Что-то заслоняет свет. Это Стивен Гардинер, черный, с кривой усмешкой на лице: поездка в Рим явно не пошла на пользу его характеру.
— Мастер Стивен! Как прошел обратный путь? Ну да, конечно, всегда неприятно возвращаться с пустыми руками. Мне вас очень жаль. Я уверен, вы старались как могли.
— Если король не получит в суде чего хочет, вашему господину конец. И тогда жалеть придется вас.
— Только вы не станете.
— Не стану, — соглашается Гардинер и отходит.
Екатерина не возвращается на вторую, позорную часть слушаний. Вместо нее выступает представитель: она сообщила духовнику, что Артур за время брака так и не сумел ею овладеть, и теперь разрешила нарушить тайну исповеди, дабы предать эти сведения огласке. Она свидетельствовала перед высшим судом, судом Божьим: стала бы она лгать, обрекая душу на погибель?

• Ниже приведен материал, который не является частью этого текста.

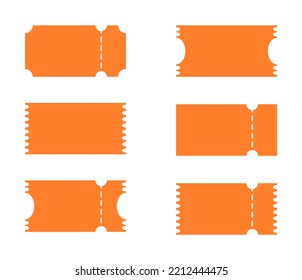 Vector illustration of a set blank ticket template on a white background.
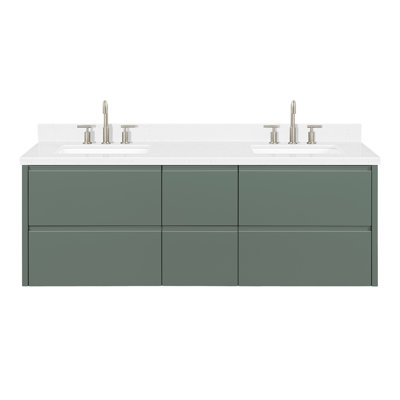   Ensemble de meuble-lavabo double rectangulaire 60 po avec comptoir à quartz blanc Carrara, ensembles de 60 pouces Ensembles
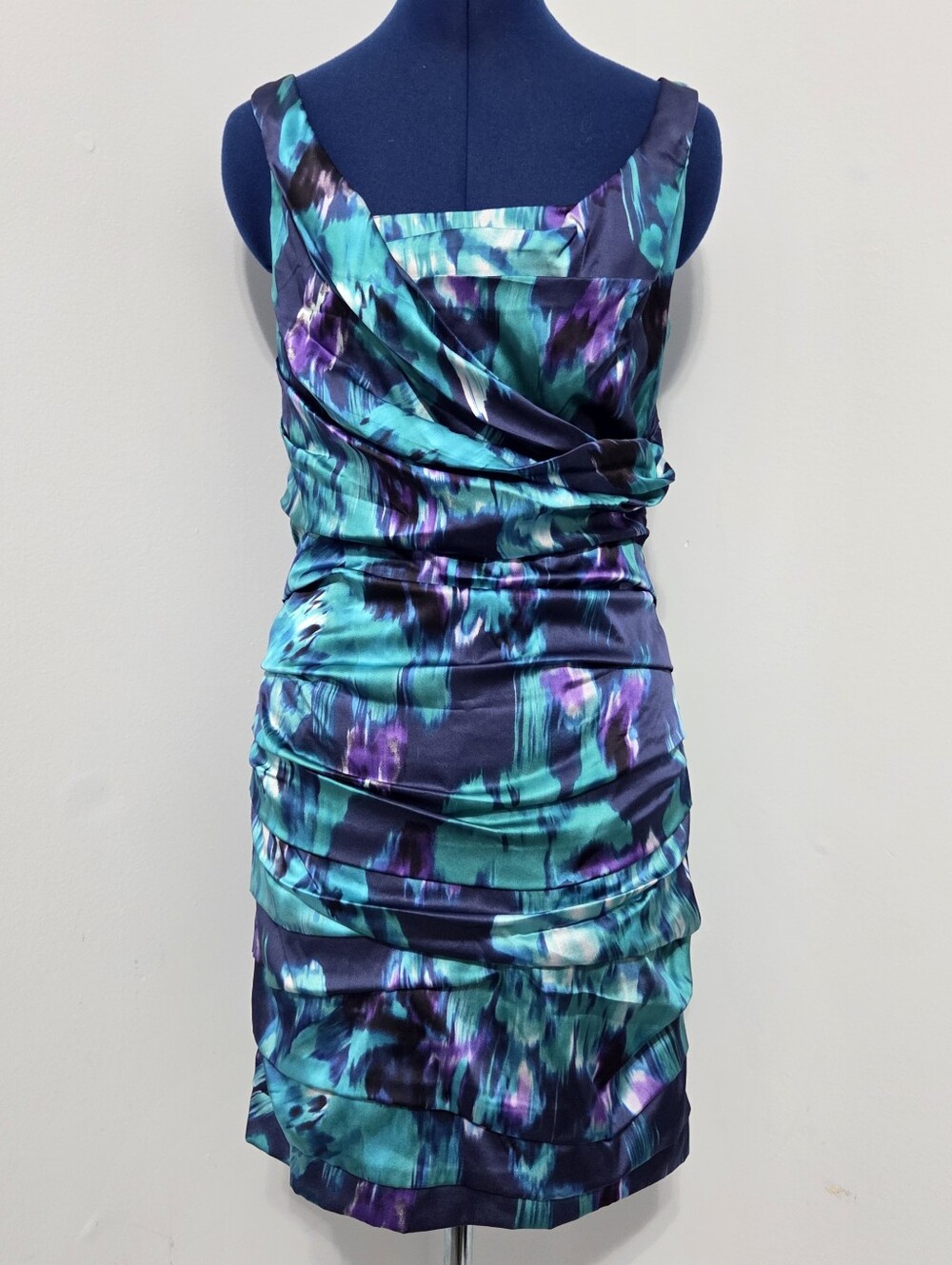 Colorful Ruched Silk Blend Mini Dress Size 8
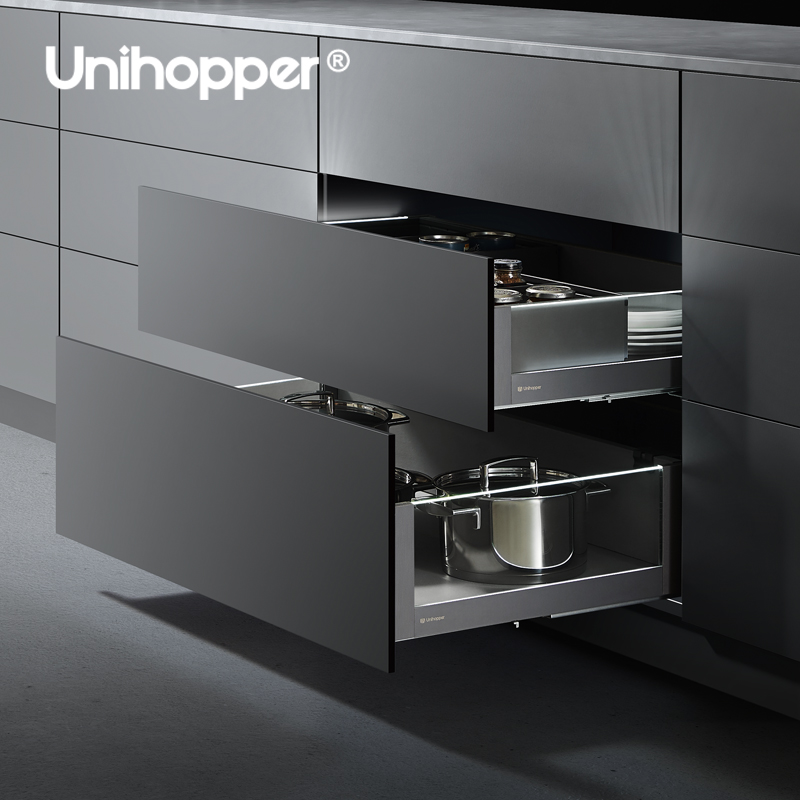 Unihopper Double Wall Drawer System Heavy Duty Matel Soft Closing Drawer Box Slide With LED Glass Panel Rolling Drawers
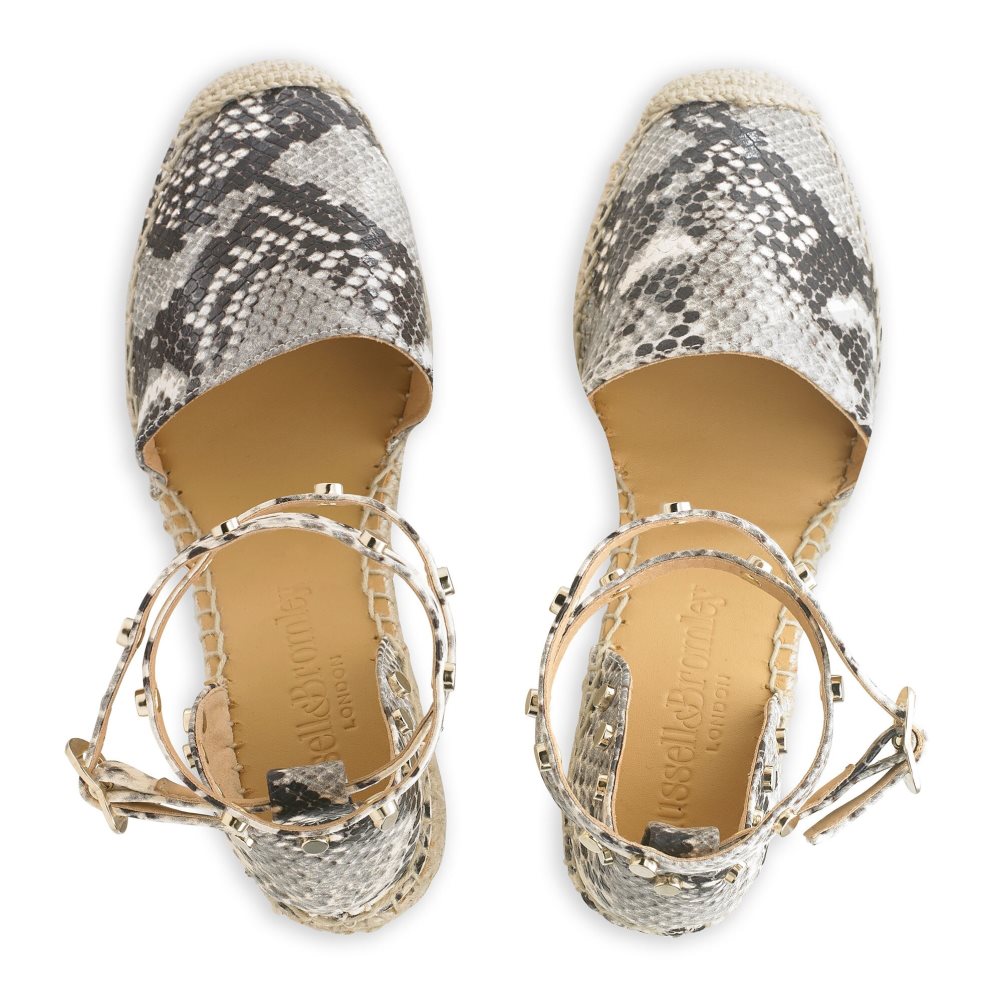 Russell And Bromley Coinwraphi Espadrille Wedge Dame Slangeprint | 246JLVGH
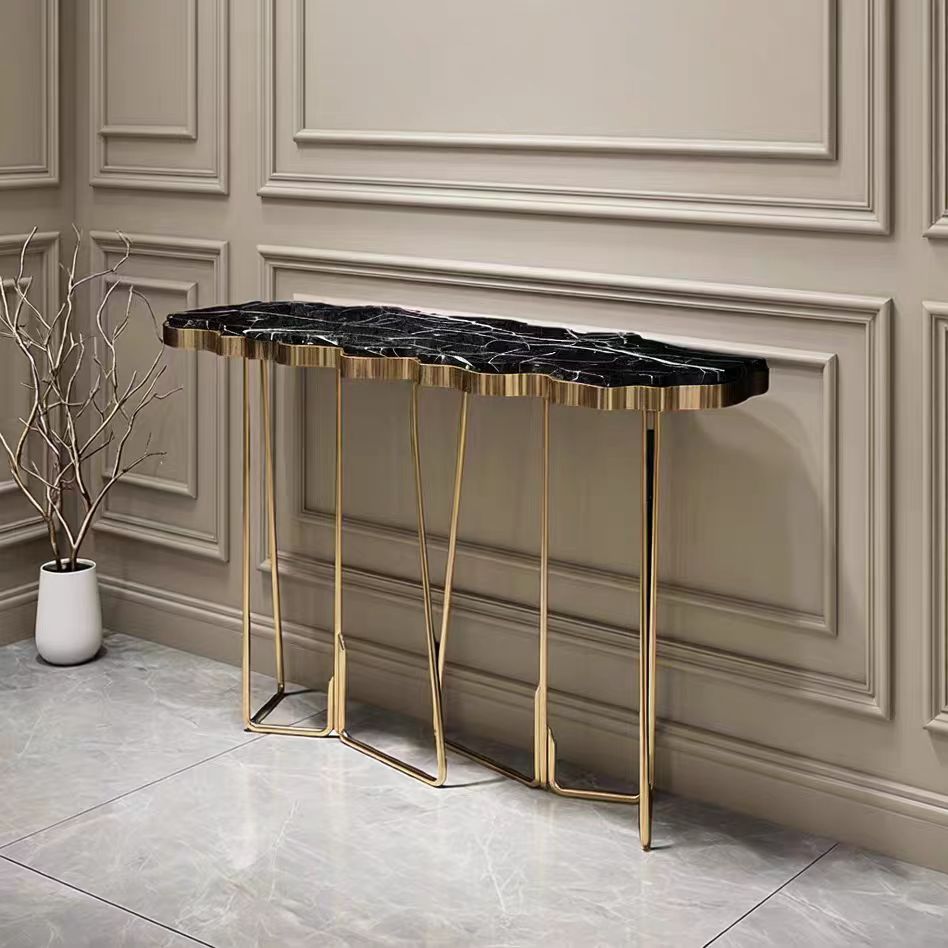 Luxury Italian Marble Entryway Console Table with Stainless Steel Design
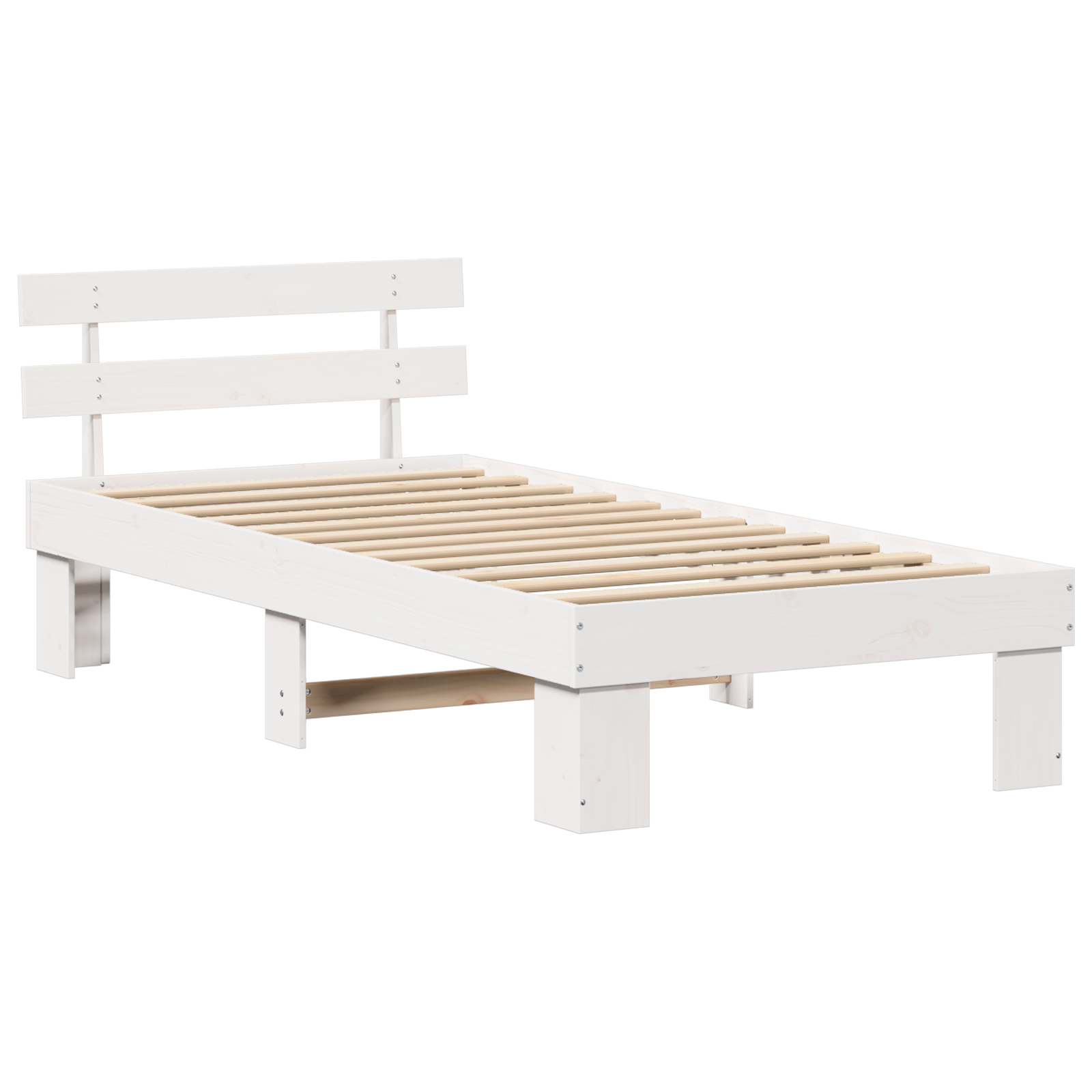Ramka łóżka Z zagłówkiem Biały 90 x 190 cm Lite drewno sosnowe vidaXL
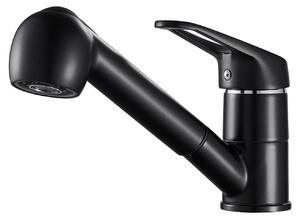 Miscelatore da cucina, design estraibile, soffione a due modalità, colore nero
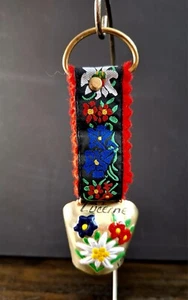 Vintage Swiss Brass Cow/Goat Bell With Embroidered Hanger - Hand Painted 5 1/4" - Picture 1 of 10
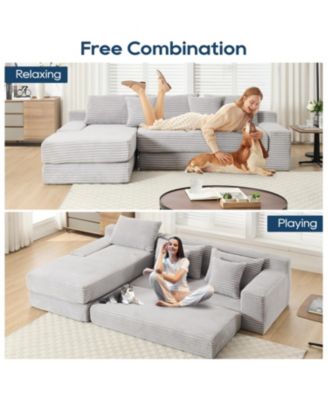 L-Shaped Corduroy Sectional Sofa Bed - Light Gray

Есть и другой момент, о котором все помнят. После смерти Артура Екатерину предлагали женихам — старому королю и принцу Генриху — как сохранившую девство. Можно было пригласить врача, чтобы тот ее освидетельствовал. Она бы испугалась, заплакала, но покорилась чужому человеку с холодными руками; возможно, теперь она жалеет, что этого не произошло. Однако никто такого не потребовал — быть может, в ту пору люди еще не совсем потеряли стыд. Разрешение на брак с Генрихом предусматривало оба случая: и наличие девства, и его отсутствие. Испанские документы отличаются от английских. Этим нам и следовало бы сейчас заниматься: разбирать подпункты, а не грызться в суде из-за клочка кожи и капли крови на простыне.